The script is quite simple to use. If you use the –help or -h option, you get the limited options that you can specify on the command line.

$ ./cpc2ical.py -h
Usage: cpc2ical.py [options] YYYY-MM [YYYY-MM [YYYY-MM ...]]

Options:
  -h, --help            show this help message and exit
  -o FILE, --output-file=FILE
                        Send the calendar output to FILE instead of stdout
                        [default: STDOUT]
  -n CALNAME, --cal-name=CALNAME
                        Set the calendar name to a name of your choosing.
                        [default: City Pages]

Essentially, you just specify a year and month, or a number of them, to generate. In this example, I'm generating an iCal for the months of October and November in 2010 and I'm outputting everything into a file called city_pages.ical:

$ ./cpc2ical.py -o city_pages.ical 2010-10 2010-11

That's about it. NOTE: This will take a while to run so don't CTRL-C out of it prematurely! Once you have your file, just import it into a calendar app.

Importing into Google Calendar

This will be a very short description of how to import this info into a Google Calendar (as of September of 2010).
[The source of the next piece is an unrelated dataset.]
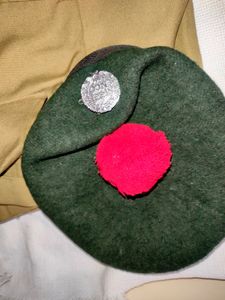 NCC Dress With Cap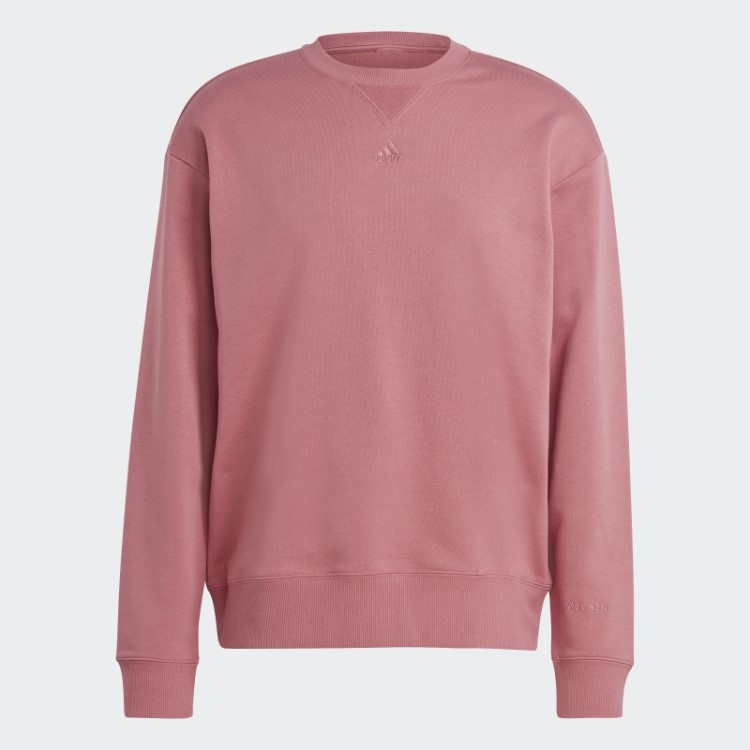Moletom Adidas All Szn French Terry Rosa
  1. Point your browser at http://google.com/calendar and log in
  2. In the top, right corner, click on SettingsCalendar settings
  3. Now click on the Calendars tab in the top, left under the Calendar Settings heading (the General tab is selected by default)
  4. Click the Import calendar link in the middle of the page
  5. A javascript window should pop up allowing you to select your calendar file, city_pages.ical if you are using the example in the previous section
  6. Select the calendar you wish to import this into. Personally, I created a separate calendar just for the city pages stuff.
  7. Click the Import button and wait for a bit and you should get a message telling you the number of events that were imported.
  8. Go back to your calendar(s) and you should see listings for all events.

Future TODO

Here are some things that I may do in the future, but would also be a good exercise for others.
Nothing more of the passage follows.